■ Task instructions ■
Return the listing in full and exactly, but without a single picture.

■ Information shown ■
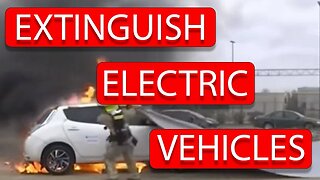 Do Firefighting Tools for Extinguishing Electric Vehicle Fires Really Work?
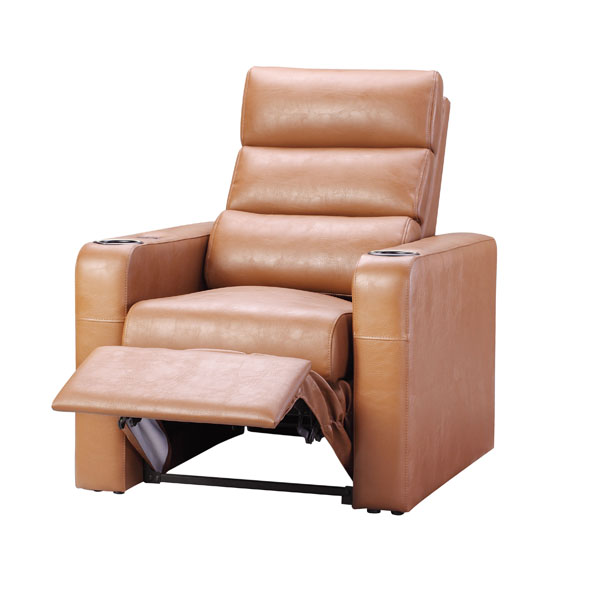 影院沙发椅LS-818一位棕色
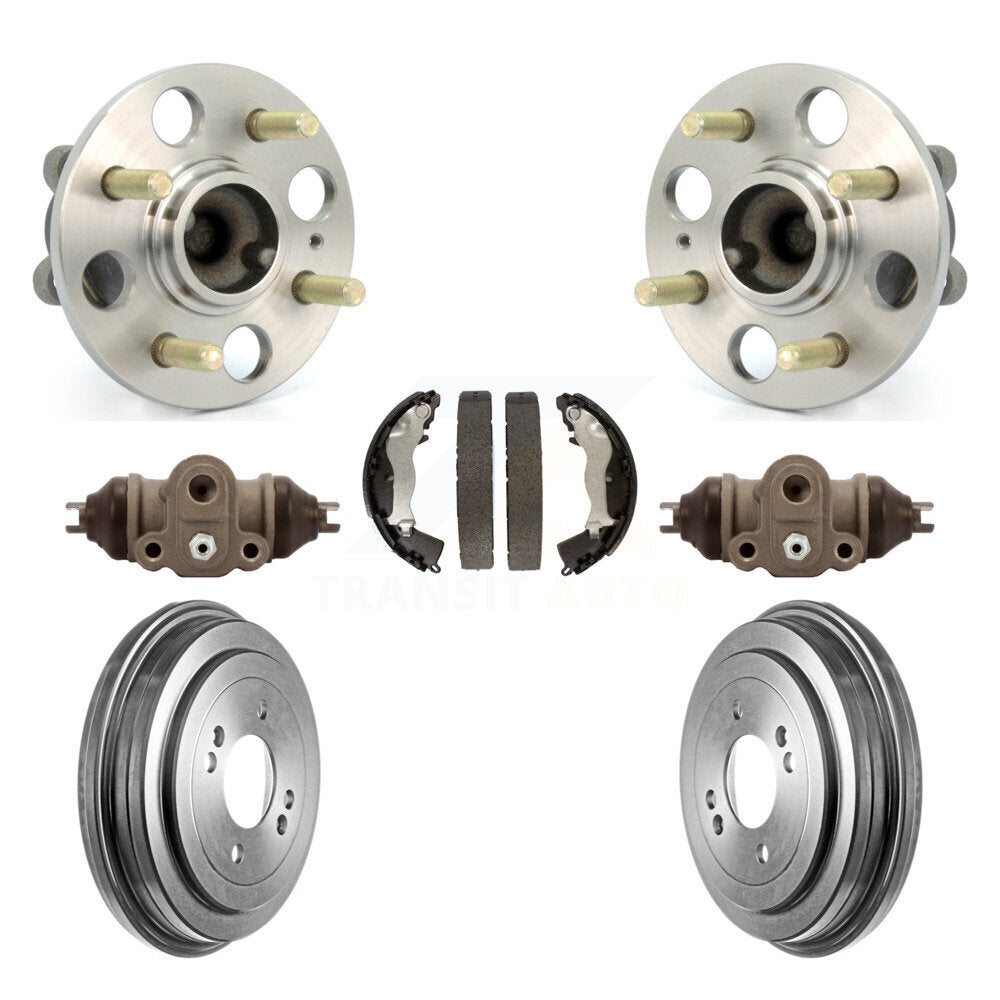 Transit Auto K7D-101463 Wheel Bearing and Hub Assembly for 2006-2011 Kia Rio5, Hyundai Accent, Kia Rio - Rear product image
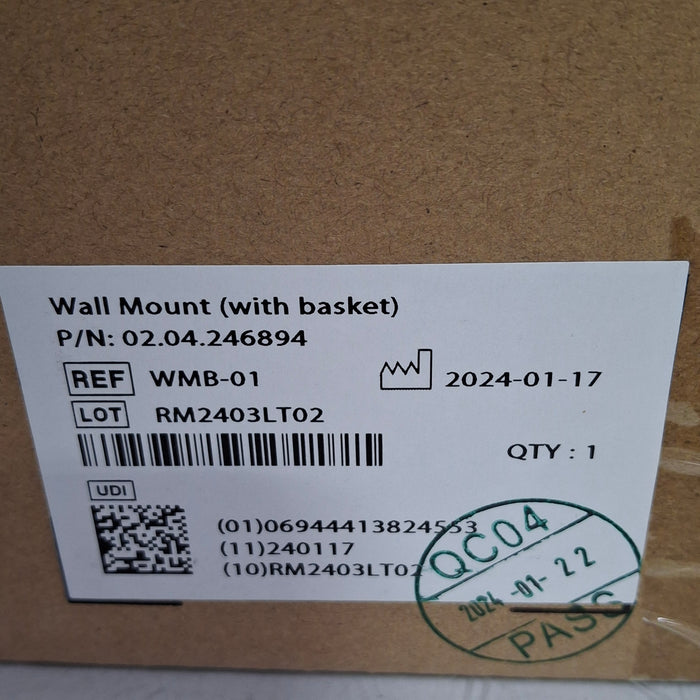 Medtronic RespArray Patient Monitor w/ Quick Start Kit and Wall Mount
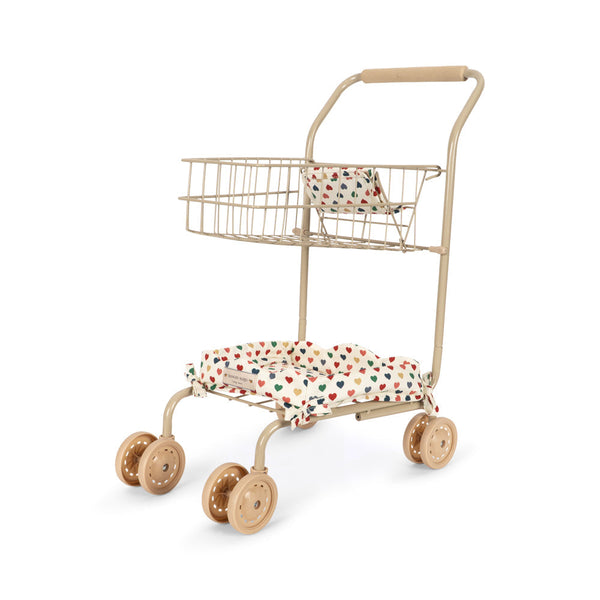 Konges Slojd - Shopping Cart - Coeur Colore - Mabel & Fox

■ Output below ■
 Do Firefighting Tools for Extinguishing Electric Vehicle Fires Really Work?
 影院沙发椅LS-818一位棕色
 Transit Auto K7D-101463 Wheel Bearing and Hub Assembly for 2006-2011 Kia Rio5, Hyundai Accent, Kia Rio - Rear product image
 Medtronic RespArray Patient Monitor w/ Quick Start Kit and Wall Mount
 Konges Slojd - Shopping Cart - Coeur Colore - Mabel & Fox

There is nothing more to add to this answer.